• **DATASET SECTION**:
============
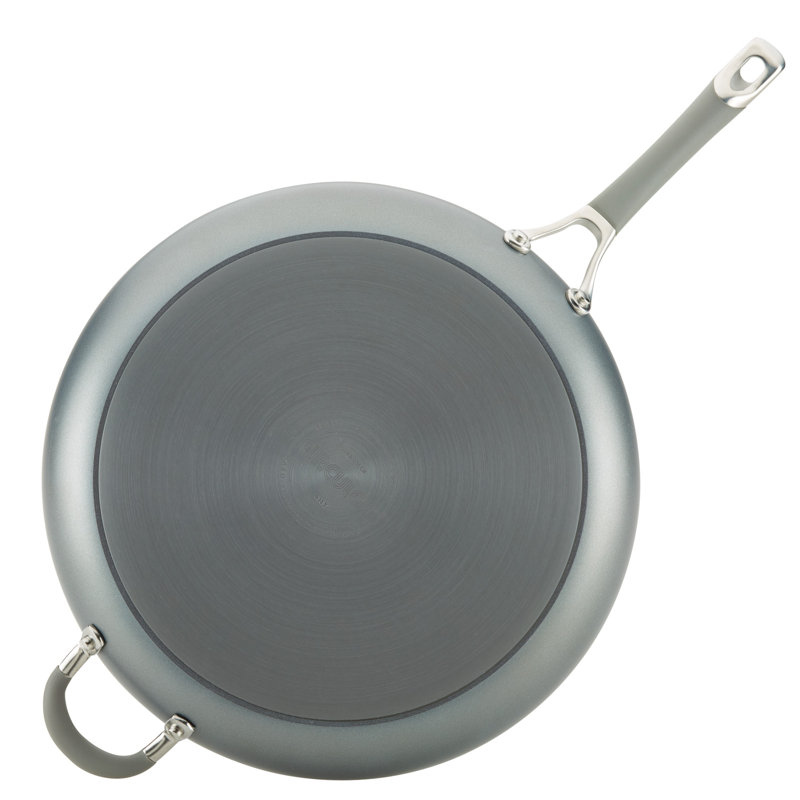 Circulon Gray 14" Hard-Anodized Nonstick Frying Pan with Helper Handle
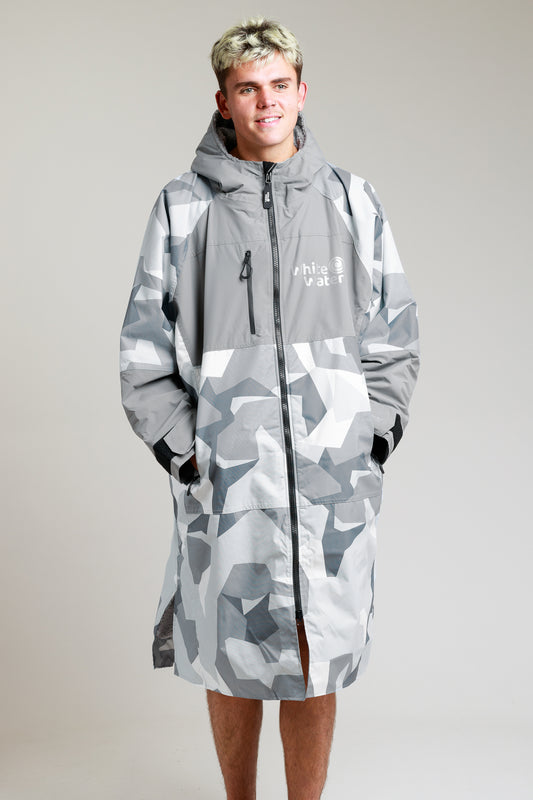 White Water Adults Hard Shell Robe in Arctic Camo/Grey, front view on male model.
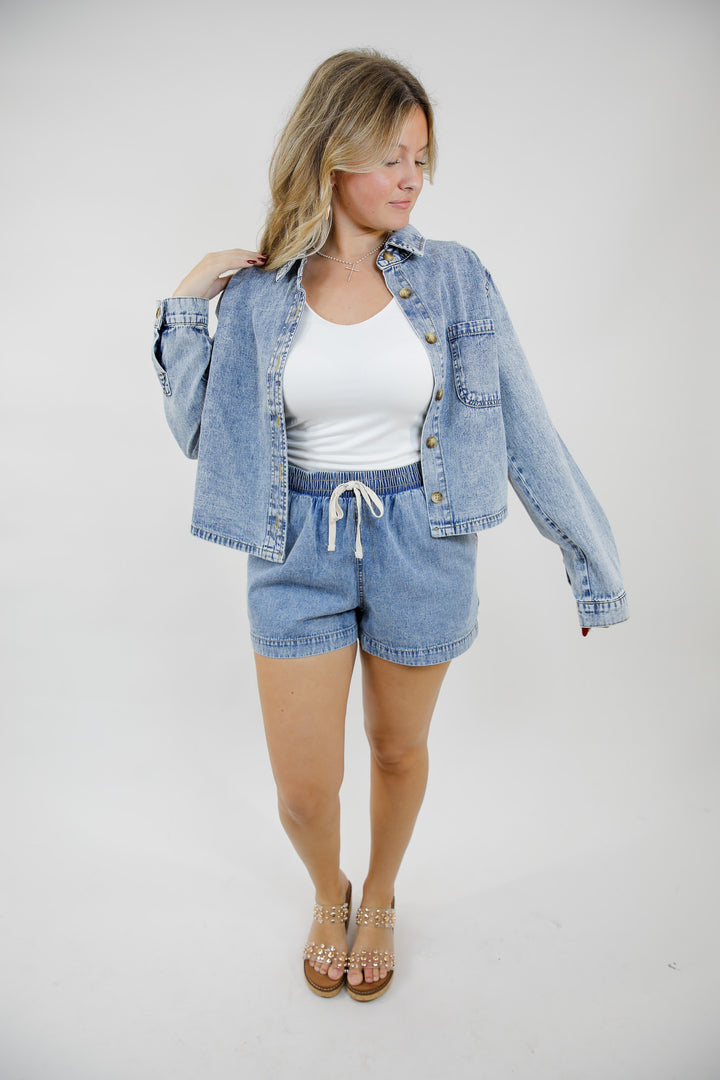 Acid Wash Boxy Denim Shirt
============
• **TASK TO COMPLETE**:
Output each line exactly as shown above; no pictures go in the copy.

• **WRITTEN SOLUTION**:
 Circulon Gray 14" Hard-Anodized Nonstick Frying Pan with Helper Handle
 White Water Adults Hard Shell Robe in Arctic Camo/Grey, front view on male model.
 Acid Wash Boxy Denim Shirt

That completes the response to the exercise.